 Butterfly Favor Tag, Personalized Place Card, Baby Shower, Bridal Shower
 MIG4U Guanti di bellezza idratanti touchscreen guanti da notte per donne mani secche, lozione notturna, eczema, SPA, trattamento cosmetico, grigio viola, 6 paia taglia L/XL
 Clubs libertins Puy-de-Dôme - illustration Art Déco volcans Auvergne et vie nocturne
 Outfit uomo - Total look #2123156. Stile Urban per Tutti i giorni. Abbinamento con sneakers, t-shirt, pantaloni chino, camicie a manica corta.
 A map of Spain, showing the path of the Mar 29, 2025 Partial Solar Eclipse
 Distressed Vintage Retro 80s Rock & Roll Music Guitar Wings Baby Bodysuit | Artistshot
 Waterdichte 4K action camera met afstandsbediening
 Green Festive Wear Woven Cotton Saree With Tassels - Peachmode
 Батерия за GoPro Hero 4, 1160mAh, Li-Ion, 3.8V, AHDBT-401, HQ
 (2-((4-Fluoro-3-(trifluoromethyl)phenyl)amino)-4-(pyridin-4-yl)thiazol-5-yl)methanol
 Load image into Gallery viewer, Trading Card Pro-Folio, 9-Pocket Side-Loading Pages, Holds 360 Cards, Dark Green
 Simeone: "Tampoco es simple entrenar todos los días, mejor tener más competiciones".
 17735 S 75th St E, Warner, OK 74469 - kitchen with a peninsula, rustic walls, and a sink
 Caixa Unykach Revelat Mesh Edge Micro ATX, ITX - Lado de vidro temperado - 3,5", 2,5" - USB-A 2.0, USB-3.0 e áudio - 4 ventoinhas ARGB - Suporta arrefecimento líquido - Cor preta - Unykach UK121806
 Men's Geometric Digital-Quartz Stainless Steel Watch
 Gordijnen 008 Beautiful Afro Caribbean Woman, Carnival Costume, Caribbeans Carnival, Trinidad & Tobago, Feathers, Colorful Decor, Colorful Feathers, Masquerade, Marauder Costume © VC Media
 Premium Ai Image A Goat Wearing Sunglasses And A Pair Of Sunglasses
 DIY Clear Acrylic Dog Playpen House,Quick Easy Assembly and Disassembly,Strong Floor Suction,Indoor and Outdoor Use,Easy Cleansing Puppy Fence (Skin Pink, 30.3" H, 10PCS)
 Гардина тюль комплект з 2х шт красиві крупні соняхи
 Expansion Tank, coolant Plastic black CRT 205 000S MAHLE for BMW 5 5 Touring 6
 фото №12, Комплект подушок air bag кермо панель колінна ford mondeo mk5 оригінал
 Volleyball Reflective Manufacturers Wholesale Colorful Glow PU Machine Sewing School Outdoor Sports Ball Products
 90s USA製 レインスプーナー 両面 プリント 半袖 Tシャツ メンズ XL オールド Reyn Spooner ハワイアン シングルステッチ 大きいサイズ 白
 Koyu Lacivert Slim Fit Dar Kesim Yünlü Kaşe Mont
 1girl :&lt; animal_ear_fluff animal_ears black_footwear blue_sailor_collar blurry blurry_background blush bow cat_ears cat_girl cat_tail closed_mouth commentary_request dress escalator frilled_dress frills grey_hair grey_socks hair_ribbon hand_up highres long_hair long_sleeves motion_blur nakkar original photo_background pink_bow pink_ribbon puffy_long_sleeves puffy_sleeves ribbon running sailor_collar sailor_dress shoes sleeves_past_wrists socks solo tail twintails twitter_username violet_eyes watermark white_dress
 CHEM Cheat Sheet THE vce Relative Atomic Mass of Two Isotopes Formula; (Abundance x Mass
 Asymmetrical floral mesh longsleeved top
▬▬▬▬▬▬
### Prompt
How many of the lines above contain the string "Green"? Give the number only.

### Answer below
2